Le départ de certains vers les États-Unis est certes une réalité. Les réseaux familiaux et le marché du travail sont des facteurs d’attraction indéniables. Combien y sont vraiment passés ? Seules les données de la GRC sur les interceptions frontalières donneraient une idée d’une partie d’entre eux. Pour les autres, impossible de savoir s’ils sont chez nos voisins du Sud ou encore au Canada. Et il faut retenir que certains quittent leur employeur en pleine connaissance de cause, car l’illégalité libre peut être choisie contre la légalité captive.

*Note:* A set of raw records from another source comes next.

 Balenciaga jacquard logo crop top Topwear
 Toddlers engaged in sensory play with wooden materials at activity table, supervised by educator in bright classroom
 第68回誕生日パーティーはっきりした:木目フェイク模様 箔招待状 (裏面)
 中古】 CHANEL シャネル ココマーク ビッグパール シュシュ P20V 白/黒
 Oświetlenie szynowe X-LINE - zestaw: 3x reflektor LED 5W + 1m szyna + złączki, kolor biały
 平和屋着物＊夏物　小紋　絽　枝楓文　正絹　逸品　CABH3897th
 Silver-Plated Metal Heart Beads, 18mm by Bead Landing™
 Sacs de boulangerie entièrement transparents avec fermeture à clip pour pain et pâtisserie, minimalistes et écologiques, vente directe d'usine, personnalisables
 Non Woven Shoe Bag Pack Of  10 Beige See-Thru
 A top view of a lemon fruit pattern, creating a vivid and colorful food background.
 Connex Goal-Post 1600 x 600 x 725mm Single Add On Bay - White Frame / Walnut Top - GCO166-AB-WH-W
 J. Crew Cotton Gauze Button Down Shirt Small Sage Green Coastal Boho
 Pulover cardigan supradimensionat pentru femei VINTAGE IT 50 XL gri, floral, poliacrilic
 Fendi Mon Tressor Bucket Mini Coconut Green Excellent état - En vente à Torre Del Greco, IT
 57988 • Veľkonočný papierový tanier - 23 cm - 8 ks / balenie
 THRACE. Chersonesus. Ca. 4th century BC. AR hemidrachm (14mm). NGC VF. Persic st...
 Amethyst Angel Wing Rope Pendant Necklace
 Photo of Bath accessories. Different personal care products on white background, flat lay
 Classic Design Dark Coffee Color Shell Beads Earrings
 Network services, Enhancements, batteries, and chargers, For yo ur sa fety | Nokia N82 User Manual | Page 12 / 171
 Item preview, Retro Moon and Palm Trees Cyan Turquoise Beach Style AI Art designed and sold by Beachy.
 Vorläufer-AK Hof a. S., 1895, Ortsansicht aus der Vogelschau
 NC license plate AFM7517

Les employeurs déplorent les départs des fermes, car ces travailleurs leur coûtent cher. Une telle marchandisation de la main-d’œuvre n’est pas inéluctable. L’élimination des permis fermés et des frais qui y sont associés permettrait aux travailleurs de circuler librement et d’offrir leurs services aux meilleurs employeurs. Si le Québec veut retenir ses migrants temporaires guatémaltèques, devenus essentiels pour le secteur agricole, il serait temps de leur offrir non seulement le statut permanent, mais aussi un statut permanent pour leurs conjoints et leurs enfants.
En collaboration avec Eugénie Depatie-Pelletier, Véronique Tessier, Victor Piché et Mylène Coderre, respectivement, directrice de DTMF et professeure associée à l’Université Laval; membre de la chaire DYMIG; aussi membre de la chaire DYMIG; chercheure en immigration.